Pierwotnie Cytadelę od zachodu broniła głęboka sucha fosa i system bastionów połączonych murem kurtynowym, od wschodu zaś mur, wysoko wyniesiony nad poziom rzeki, dodatkowo broniony kaponierami i działobitniami. Działobitnię zachodniego śródszańca pomiędzy bastionami III i IV zbudowano około połowy XIX w. razem z wieżami artyleryjskimi jako uzupełnienie wcześniejszych fortyfikacji Cytadeli. Spośród pięciu wież artyleryjskich do dziś zachowały się trzy zwane obecnie Fort Legionów, Traugutta i Sokolnickiego. Wieże miały prowadzić dalekosiężny ogień armatni, zaś zadaniem znajdujących się pomiędzy nimi działobitni było powstrzymywanie ataku piechoty ogniem dział, moździerzy i broni strzeleckiej.

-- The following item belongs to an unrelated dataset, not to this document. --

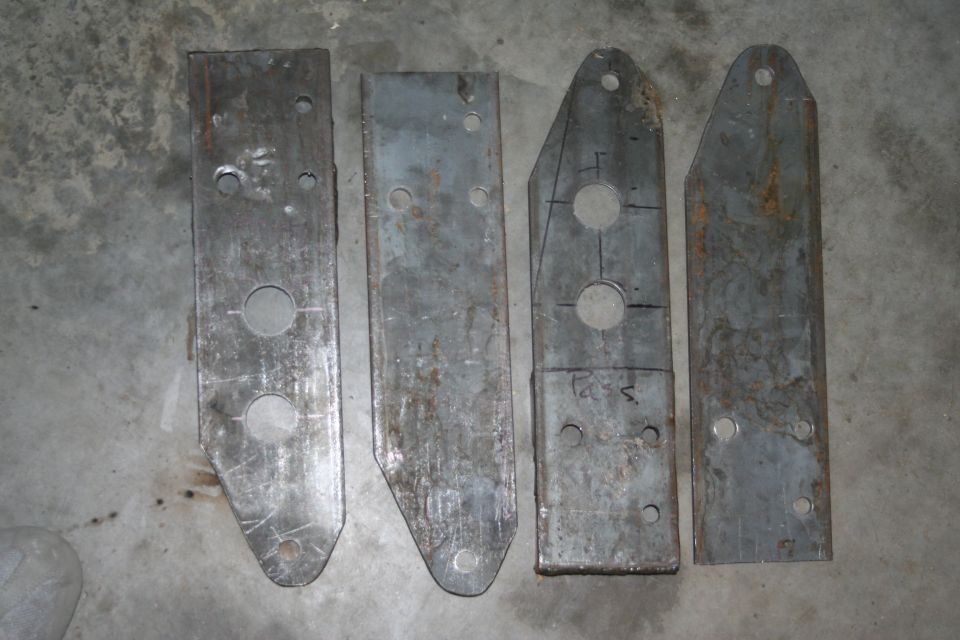 These are the front plates for the front shackle reversal. They, along with the hangers, provide for 6" of lift.
The two larger holes are for the crossmember tubes that will run from the outside plate, through the inside, across and through the other inner plate, to the outside again.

Działobitnia, tak jak i Cytadela nigdy nie były wykorzystane bojowo, ale trzymały w szachu Warszawę, kiedy znajdowała się ona pod zaborem rosyjskim. W czasie I wojny Rosjanie opuścili w 1915 r. Warszawę bez walki; a podczas walk we wrześniu 1939 r. zespół Cytadeli był zbyt oddalony od linii obronnych by w nich uczestniczyć. Po wojnie działobitnia była użytkowana przez Ludowe Wojsko Polskie aż do lat 60-ych XX w., o czym świadczy fakt, że łącznie z Cytadelą wycinano ją z dostępnych cywilnym instytucjom fotoplanów miasta aż do 1990 r.
Plany urbanistyczne z lat dwudziestych zakładały sprzęgnięcie Cytadeli z nową dzielnicą mieszkaniową poprzez długą oś Alei Wojska Polskiego biegnącą od Placu Gwardii w Cytadeli do Placu Grunwaldzkiego. By je zrealizować należało zasypać część fosy i rozebrać omawianą działobitnię. Prawdopodobnie w ramach przygotowań do rozbiórki ok. 1935 r. zdjęto z działobitni nasyp ziemny oraz usunięto wał na przedpolu. Z nieznanych względów prace zostały wstrzymane, a działobitnia powoli niszczała.